A guy I work with had a Machinery's handbook 25th edition on the bookshelf of his cubical. I spied that and asked if I could take a look. I thumbed through it and said," hey thanks, I need one of these." He said, "Give that to me!!!!" While I was handing it back he opened his lower desk drawer, pulled out another copy and tossed it at me. "HERE! and shut the &$%^ UP!" He grinned a little. Knowing him, I think his wife got her engagement ring in a similar fashion.  It amazes me how some people are so nice but don't want to be known or portrayed that way.  Just in case you are wondering, I know for a fact he bought both books himself, they are not from a company. That's a nice gift, I told him I was only kidding but he insisted I take it.  Damn nice guy. It renewed my faith in humanity which has been lagging lately.


----------



## microshop dinker (Mar 2, 2016)

Great score!!!  Just when we least expect it our faith in mankind (some of them anyway) is restored.   Sammy


----------



## ch2co (Mar 2, 2016)

Pay it forward.
As in: Do unto others as you would wish them do do unto you.
We're all in this together.

CHuck the grumpy old guy


----------



## Bob Korves (Mar 2, 2016)

Now read it cover to cover.  There will be a test...


----------



## T Bredehoft (Mar 2, 2016)

Bob Korves said:


> There will be a test...



Life is the test.


----------



## P T Schram (Mar 2, 2016)

T Bredehoft said:


> Life is the test.



If only I could find the answer key!


----------



## Bob Korves (Mar 2, 2016)

P T Schram said:


> If only I could find the answer key!


I could sell you my CliffNotes...     8^)


----------



## TommyD (Mar 2, 2016)

I've lost count how many times I've referred to mine, for work and school it's proven invaluable.


----------



## Finster (Mar 2, 2016)

Bob Korves said:


> Now read it cover to cover.  There will be a test...


DONE! Ask me anything!


----------



## TommyD (Mar 2, 2016)

Figure this angle.


----------



## David VanNorman (Mar 2, 2016)

There is lot of stuff in one of those books . If I could only remember it all.


----------



## gaston (Mar 6, 2016)

when I use it,  by the time I find the information I'm looking for I forget why I needed it and the time I allotted for the project has been used up reading the book. my wife calls it machinest porn!!


----------



## michael.kitko (Apr 4, 2016)

I got my first Machinist Handbook in a very similar way...given as a gift from a grumpy old guy with a hand written "For those times when you aren't schooling me and you might not actually have the answer."
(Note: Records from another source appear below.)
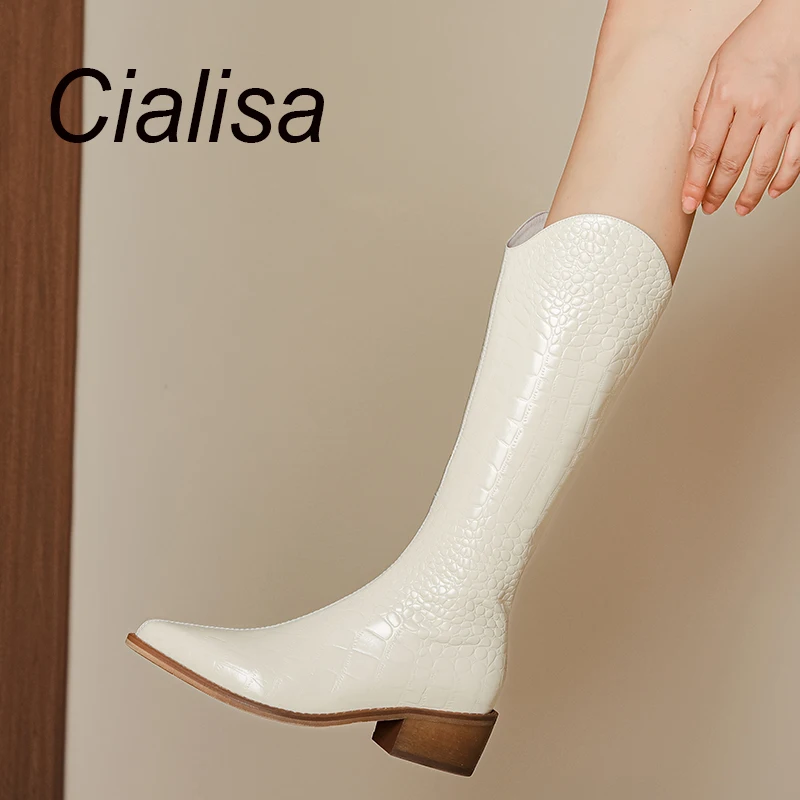 Женские облегающие сапоги до колена Cialisa, винтажные сапоги из натуральной кожи на среднем каблуке, с острым носком, на молнии, сапоги бежевого цвета, Осень-зима 40
Женские облегающие сапоги до колена Cialisa, винтажные сапоги из натуральной кожи на среднем каблуке, с острым носком, на молнии, сапоги бежевого цвета, Осень-зима 40
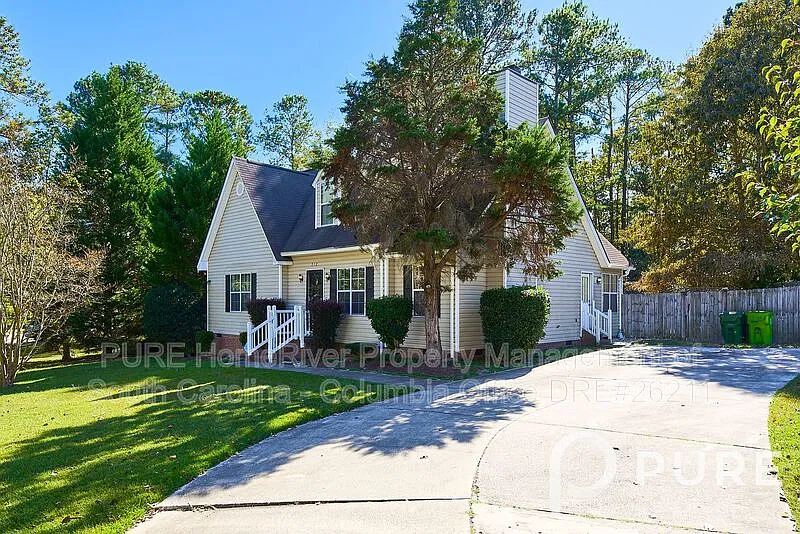 4 bed, 3.0 bath, 2089 sqft, $1,995 — Photo 2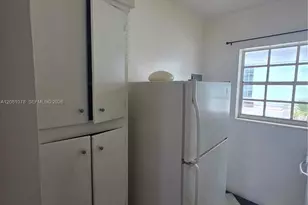 635 8th St, Miami Beach, FL 33139 - Photo 11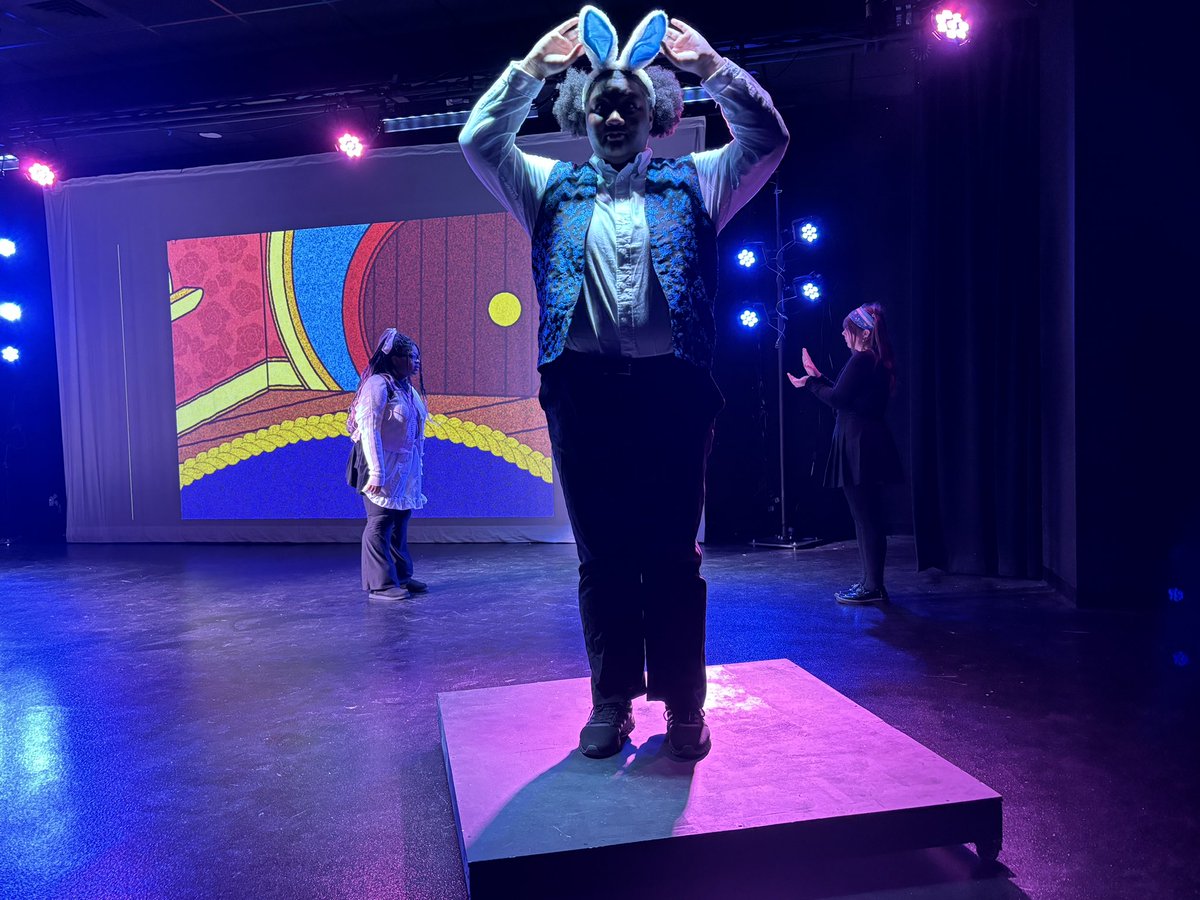 KecoughtanHigh's tweet photo. Alice vs Wonderland! KHS Theatre is amazing! 💖 https://t.co/eHutnlRSI9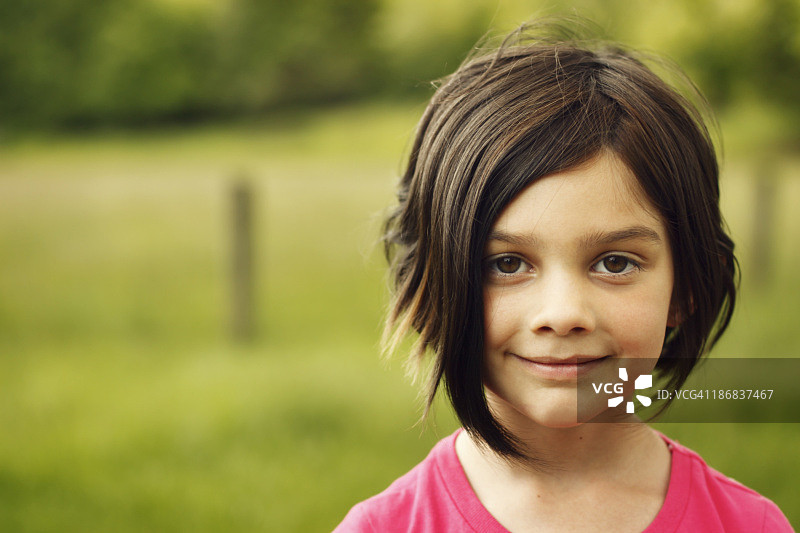 棕色眼睛的女孩图片素材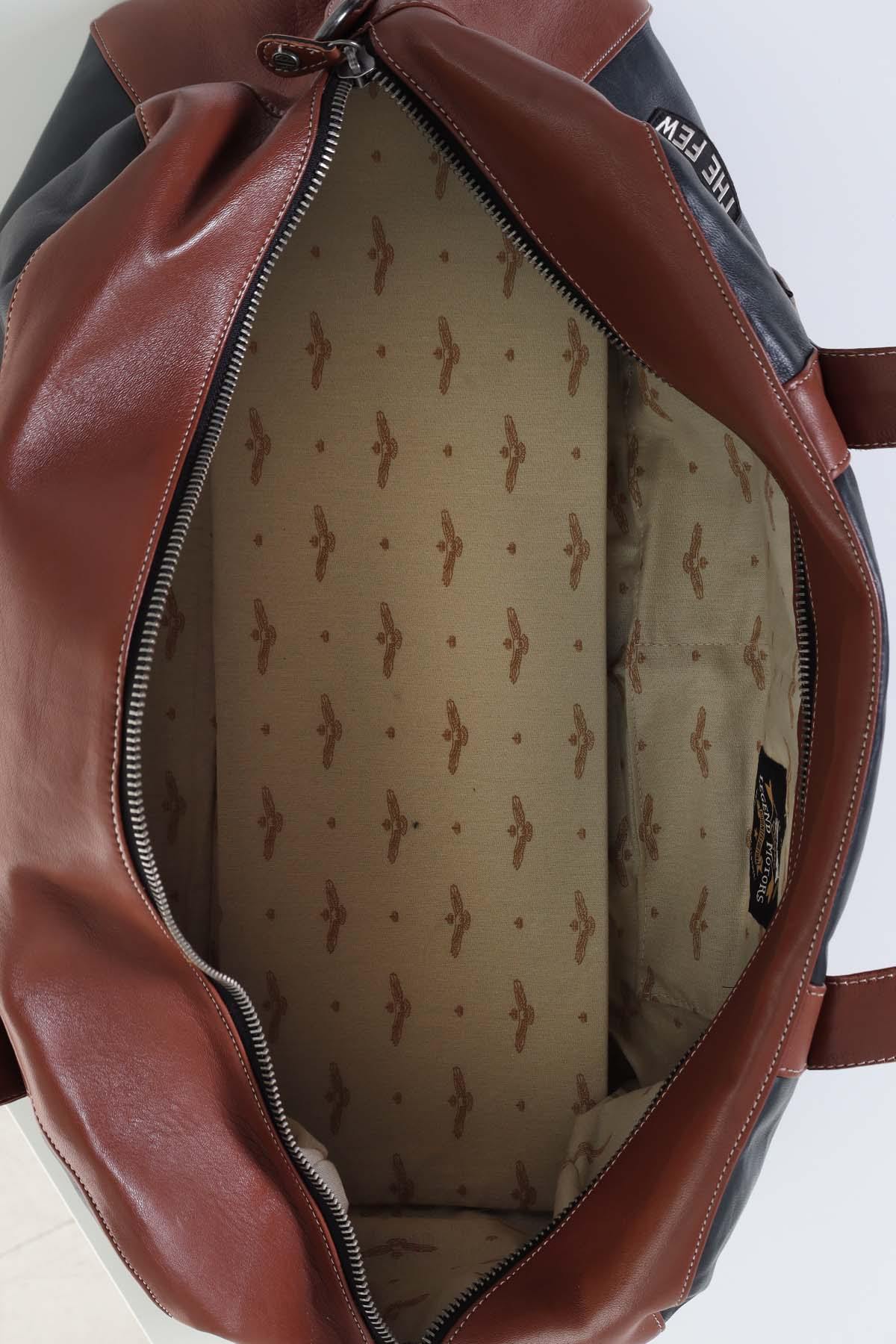 Navy blue leather travel bag with patches - Image n°6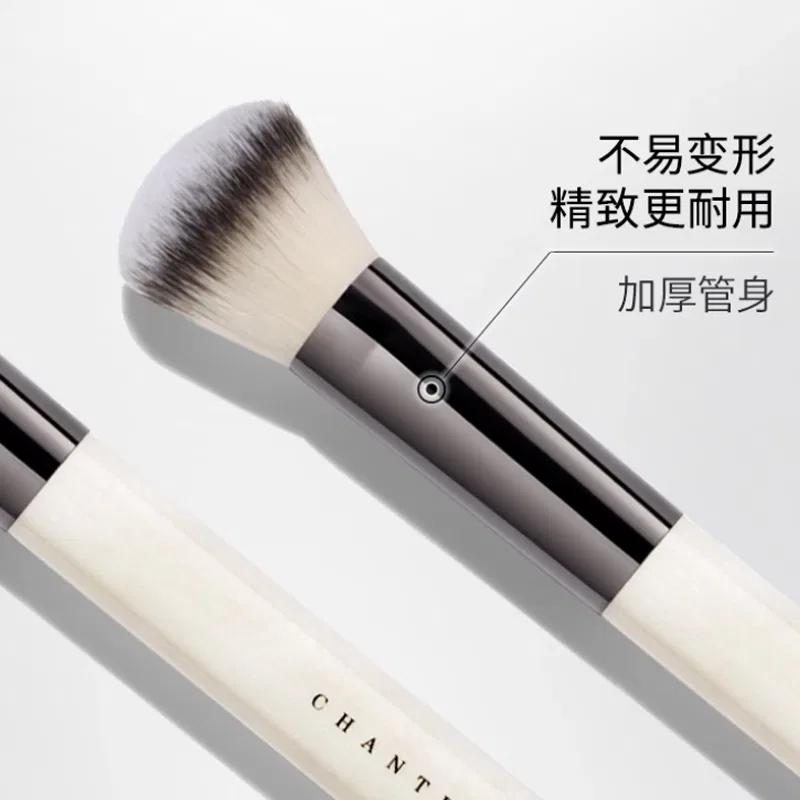 Кисть для контурирования Chantecaille Contour Soft — фото 3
Sent from my XT1064 using Tapatalk


----------



## RIMSPOKE (Apr 4, 2016)

MY FIRST ONE WAS HANDED DOWN FROM MY GRANDFATHER TO MY FATHER TO ME .
IT's A SEVENTH EDITION FROM 1929 . SOMEONE NAMED FLOYD TILTON HAD IT BEFORE GRAMPS .


----------



## uncle harry (Apr 4, 2016)

microshop dinker said:


> Great score!!!  Just when we least expect it our faith in mankind (some of them anyway) is restored.   Sammy



Today I used my new issue chip credit card. Of course the procedure to use these is very different from the mag-swipe technology. As a creature of habit I forgot to remove the card & drove off,  Calling the bank later relieved my worst fear. A following patron retrieved the card & took the time to return it to the bank drop box.  Not all of society is  lost.


----------